• **TASK BRIEF**
Nothing but the lines from the one showing "OH201* Loose Housing" through the final line of the data below belongs in the answer, duplicated exactly and without pictures.

• **DATASET SECTION**
====

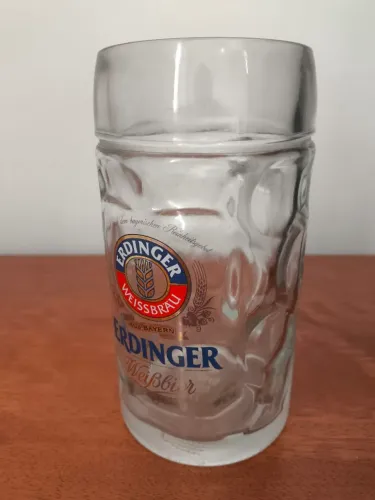 Copo de Cerveja Erdinger Weissbier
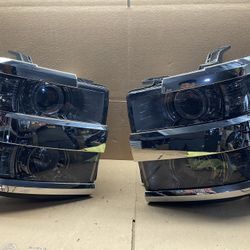 OH201* Loose Housing * Fit 15-19 Chevrolet Silverado 2500HD/3500HD Halogen Headlight Pair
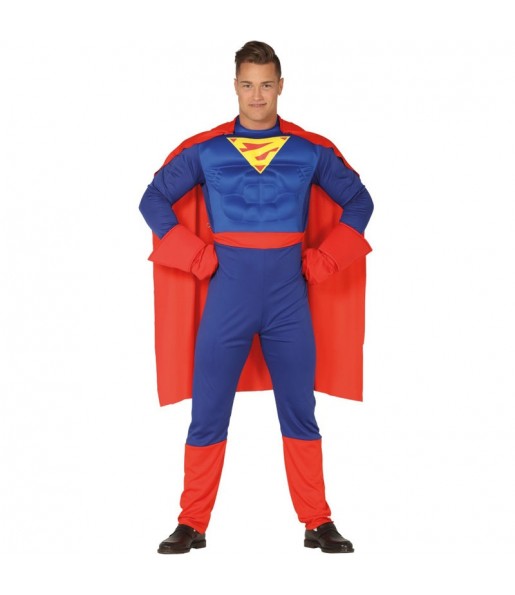 Déguisement Superman musclé adulte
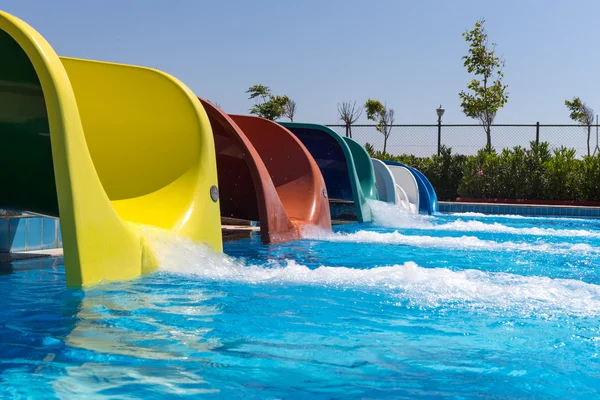 Water slides — Stock Photo, Image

====

• **ANSWER TO THIS EXERCISE**
 OH201* Loose Housing * Fit 15-19 Chevrolet Silverado 2500HD/3500HD Halogen Headlight Pair
 Déguisement Superman musclé adulte
 Water slides — Stock Photo, Image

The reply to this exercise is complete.